This form is a model adaptable for use in partnership matters. Adapt the form to your specific needs and fill in the information. Don't reinvent the wheel, save time and money.
The New York Certificate of Limited Partnership is a legal document filed with the New York Secretary of State by a group of individuals or entities who wish to form a limited partnership in the state of New York. It serves as evidence of the creation and existence of the limited partnership and provides essential information about its structure and operation. The New York Certificate of Limited Partnership contains various key details, including the name of the limited partnership, the street address of its principal place of business, and the names and addresses of all general and limited partners involved. It also specifies the duration of the partnership, which can be either perpetual or for a specific period. This crucial document reflects the rights, powers, and obligations of the general and limited partners. General partners have unlimited personal liability for the partnership's debts and obligations, while limited partners have limited liability, typically restricted to the amount they have invested in the partnership. The roles and responsibilities of each partner in managing the partnership, as well as the distribution of profits and losses, should also be outlined in the certificate. In New York, there are two main types of Certificates of Limited Partnership: the original certificate and the amended certificate. The original certificate is filed to establish a new limited partnership, while the amended certificate is filed to make changes to the existing certificate, such as modifying the partnership's name, adding or removing partners, or altering the partnership's purpose. Limited partnerships in New York must adhere to the rules and regulations governed by the New York Revised Partnership Act. This act provides guidance on various aspects of limited partnerships, including the formation, operation, and dissolution of such entities. In summary, the New York Certificate of Limited Partnership is a crucial legal document that establishes the existence and structure of a limited partnership in New York. It contains essential information about the partnership's partners, address, duration, and management, while also outlining the rights and obligations of each partner. By filing this certificate, limited partnerships can acquire legal recognition for their business operations in the state of New York.

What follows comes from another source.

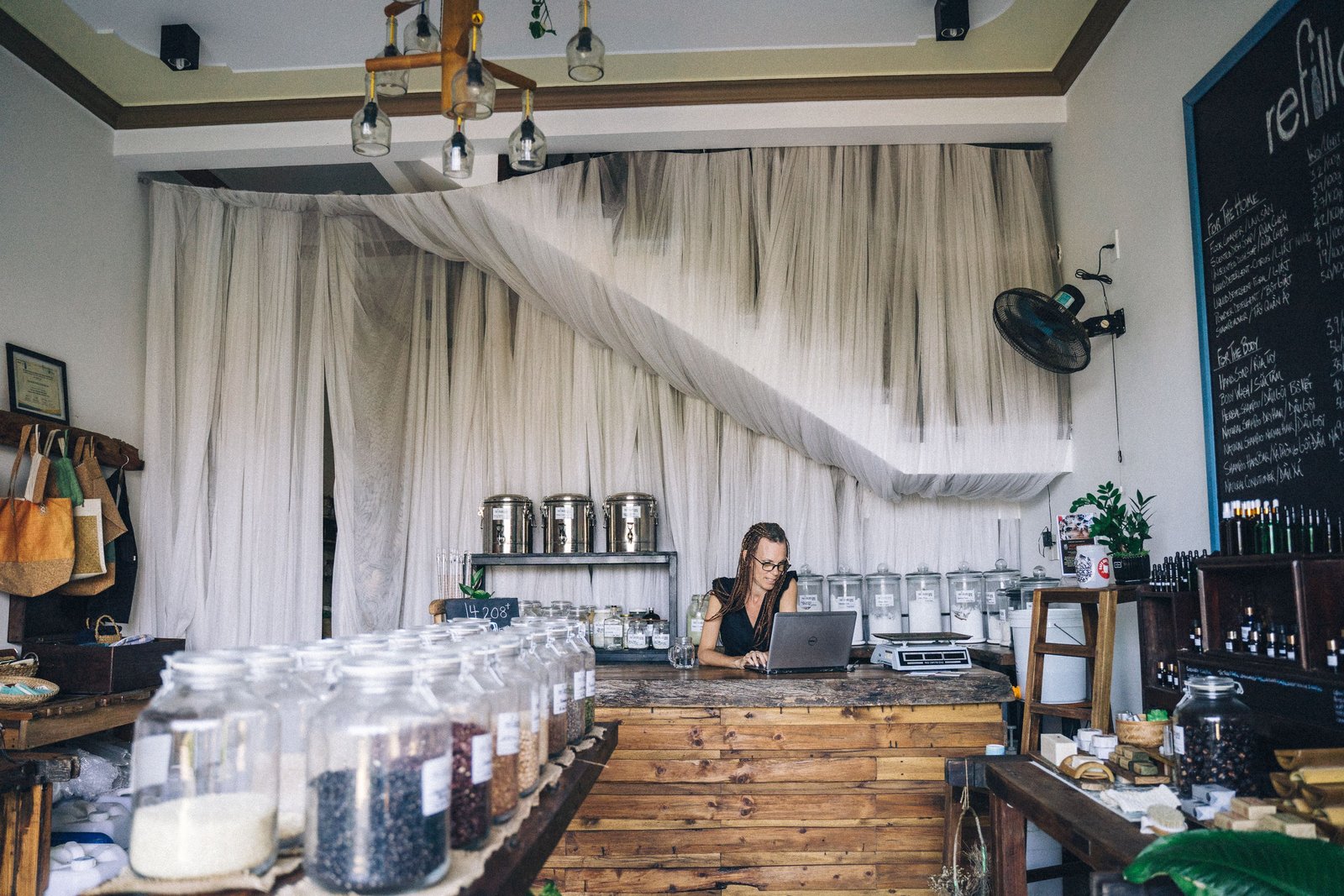 A woman working at a laptop at a shop counter, shelves of stock behind her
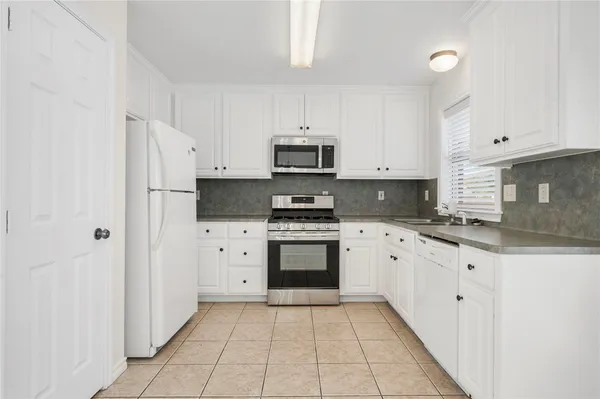 a kitchen with granite countertop white cabinets and stainless steel appliances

The New York Certificate of Limited Partnership is a legal document filed with the New York Secretary of State by a group of individuals or entities who wish to form a limited partnership in the state of New York. It serves as evidence of the creation and existence of the limited partnership and provides essential information about its structure and operation. The New York Certificate of Limited Partnership contains various key details, including the name of the limited partnership, the street address of its principal place of business, and the names and addresses of all general and limited partners involved. It also specifies the duration of the partnership, which can be either perpetual or for a specific period. This crucial document reflects the rights, powers, and obligations of the general and limited partners. General partners have unlimited personal liability for the partnership's debts and obligations, while limited partners have limited liability, typically restricted to the amount they have invested in the partnership. The roles and responsibilities of each partner in managing the partnership, as well as the distribution of profits and losses, should also be outlined in the certificate. In New York, there are two main types of Certificates of Limited Partnership: the original certificate and the amended certificate. The original certificate is filed to establish a new limited partnership, while the amended certificate is filed to make changes to the existing certificate, such as modifying the partnership's name, adding or removing partners, or altering the partnership's purpose. Limited partnerships in New York must adhere to the rules and regulations governed by the New York Revised Partnership Act. This act provides guidance on various aspects of limited partnerships, including the formation, operation, and dissolution of such entities. In summary, the New York Certificate of Limited Partnership is a crucial legal document that establishes the existence and structure of a limited partnership in New York. It contains essential information about the partnership's partners, address, duration, and management, while also outlining the rights and obligations of each partner. By filing this certificate, limited partnerships can acquire legal recognition for their business operations in the state of New York.